THE RECORDS START

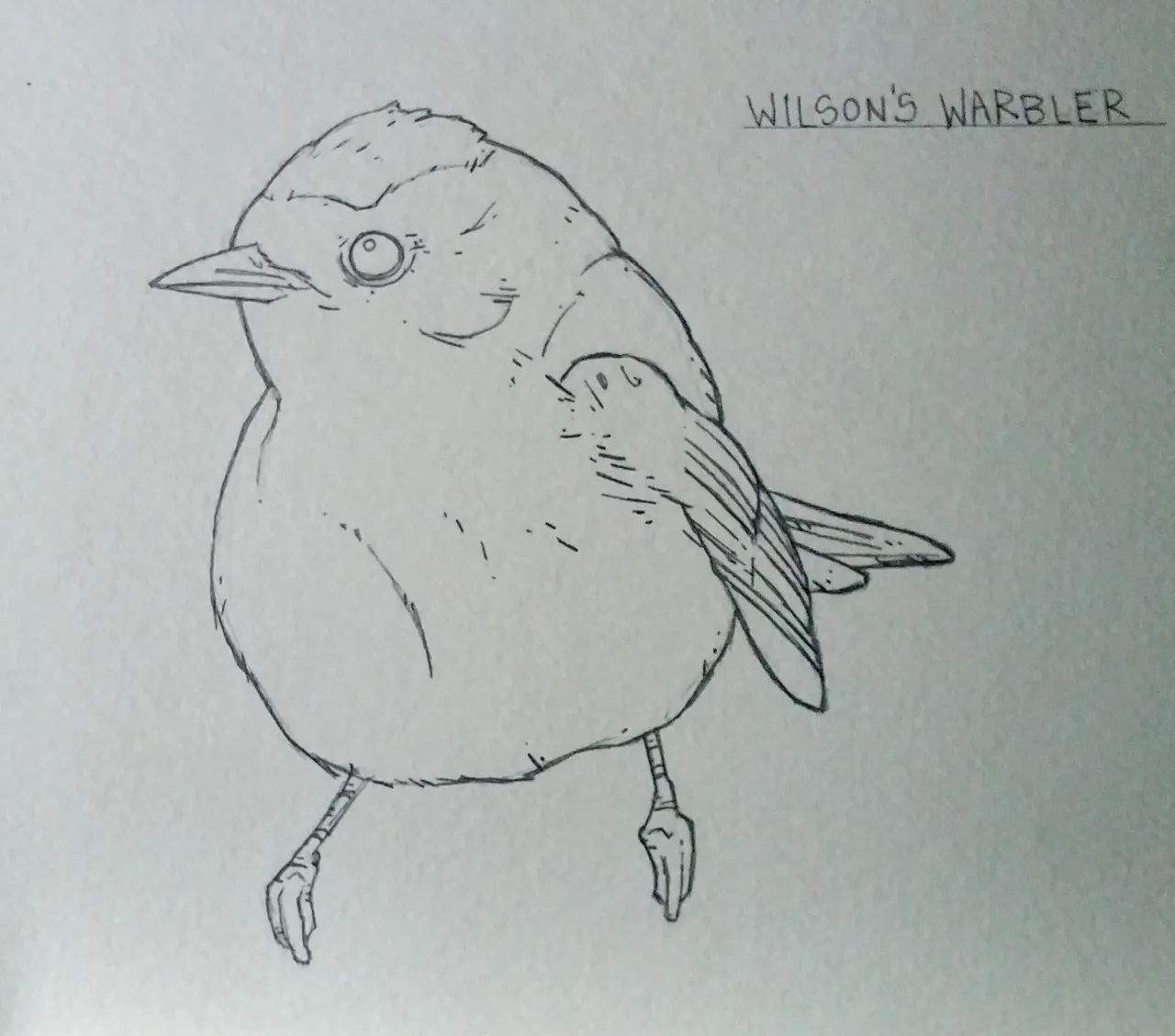 Jay sketch2.jpg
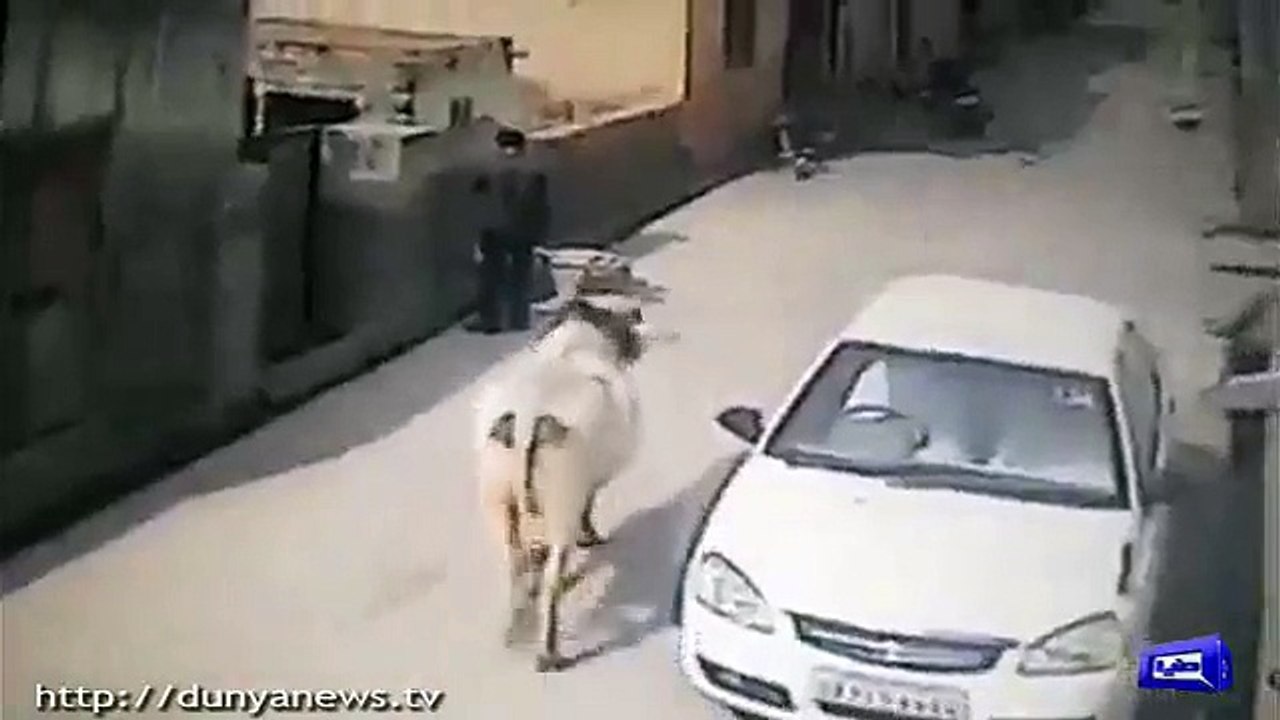 Angry Cow Doesn’ Like This Boy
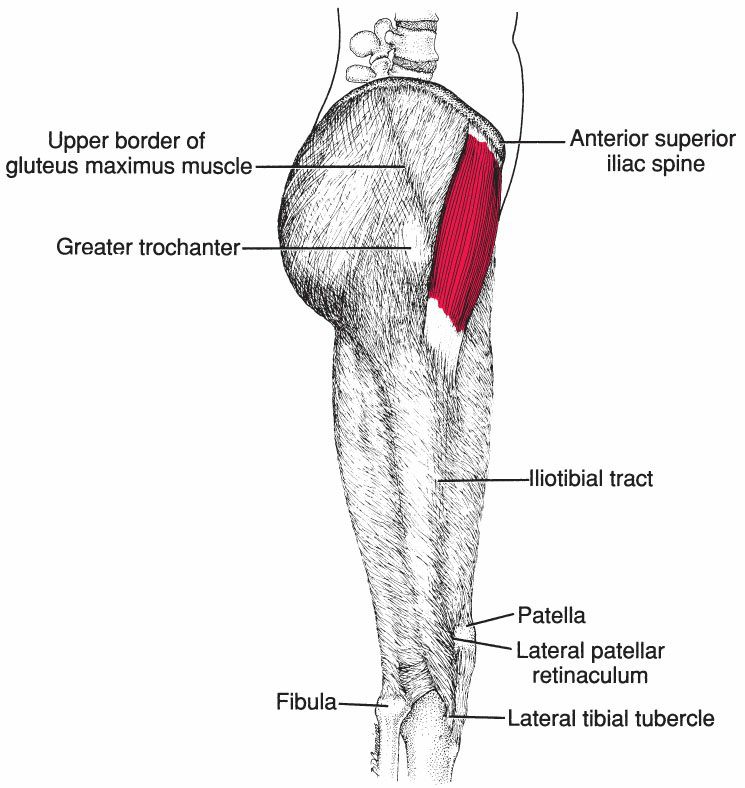 Gluteus Minimus - Afbeelding 3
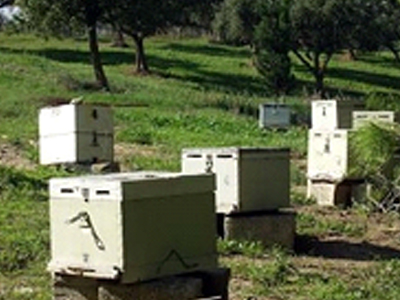 Έκλεψαν μελίσσια από 150 κυψέλες!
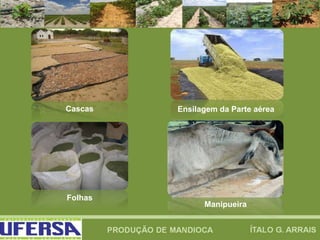 Folhas
Ensilagem da Parte aéreaCascas
Manipueira
 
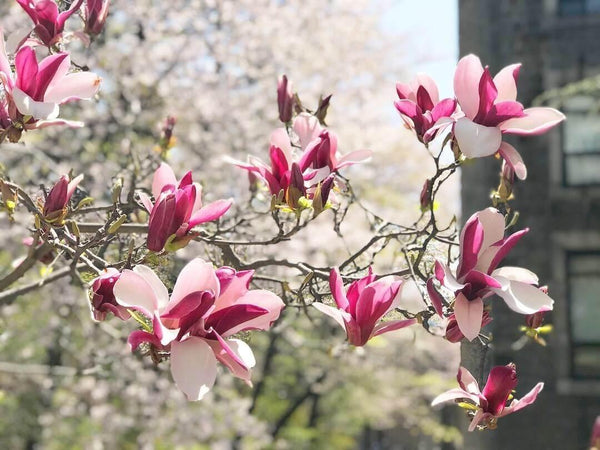 الزهور التي تستحق Instagram تراه في كوريا بعد سقوط أزهار الكرز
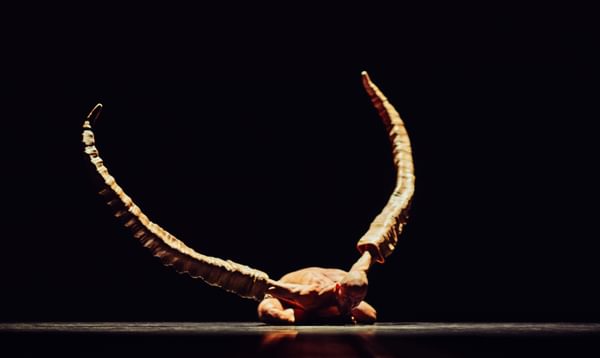 A performer lies tucked-up on the floor with huge animal horns worn over their arms, pointed backwards and above them.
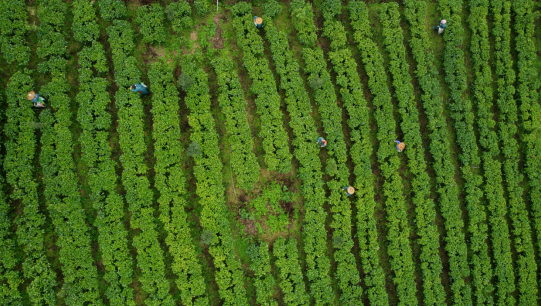 创新开拓市场让农业科技“可持续发展”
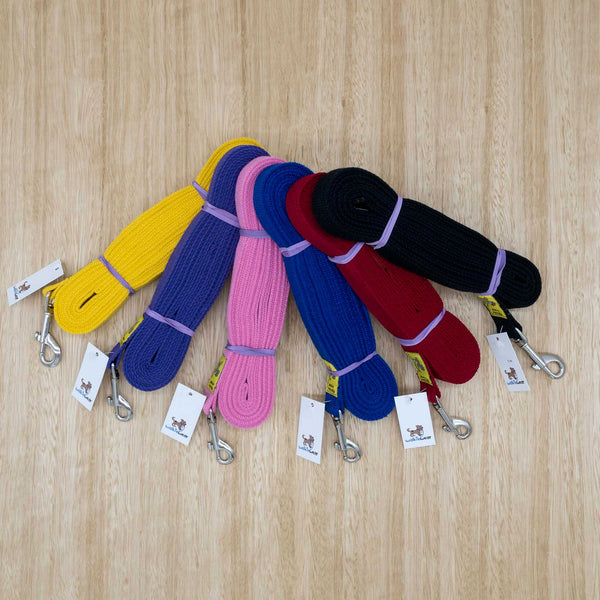 25mm x 5 metre Webbing Lead with Medium Clip - Give Paws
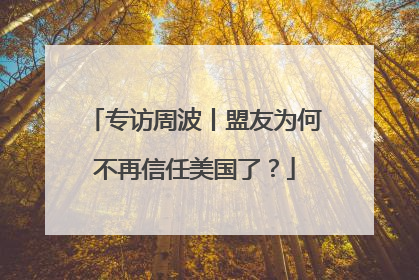 专访周波丨盟友为何不再信任美国了？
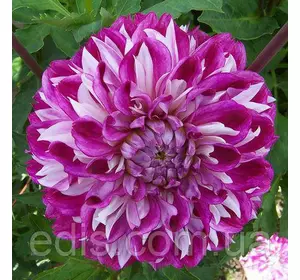 Жоржина високоросла Optical Illusion Жоржина високоросла Optical Illusion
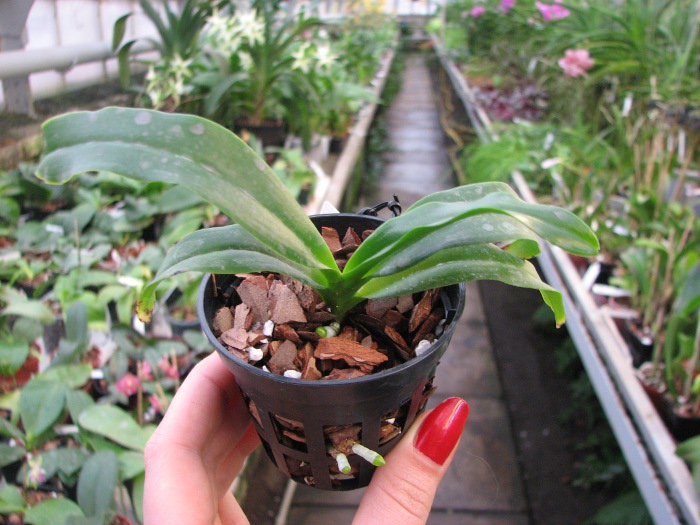Phalaenopsis tetraspis alba x Vanda coerulea blue.JPG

THE RECORDS END

- _DIRECTIONS_:
Above are the records; return the lines in them from the one with "الزهور التي تستحق" to the one with "专访周波丨盟友为何不再信任美国了？", inclusive, exactly and without images.

- _RESULT OF THIS TASK_:
 الزهور التي تستحق Instagram تراه في كوريا بعد سقوط أزهار الكرز
 A performer lies tucked-up on the floor with huge animal horns worn over their arms, pointed backwards and above them.
 创新开拓市场让农业科技“可持续发展”
 25mm x 5 metre Webbing Lead with Medium Clip - Give Paws
 专访周波丨盟友为何不再信任美国了？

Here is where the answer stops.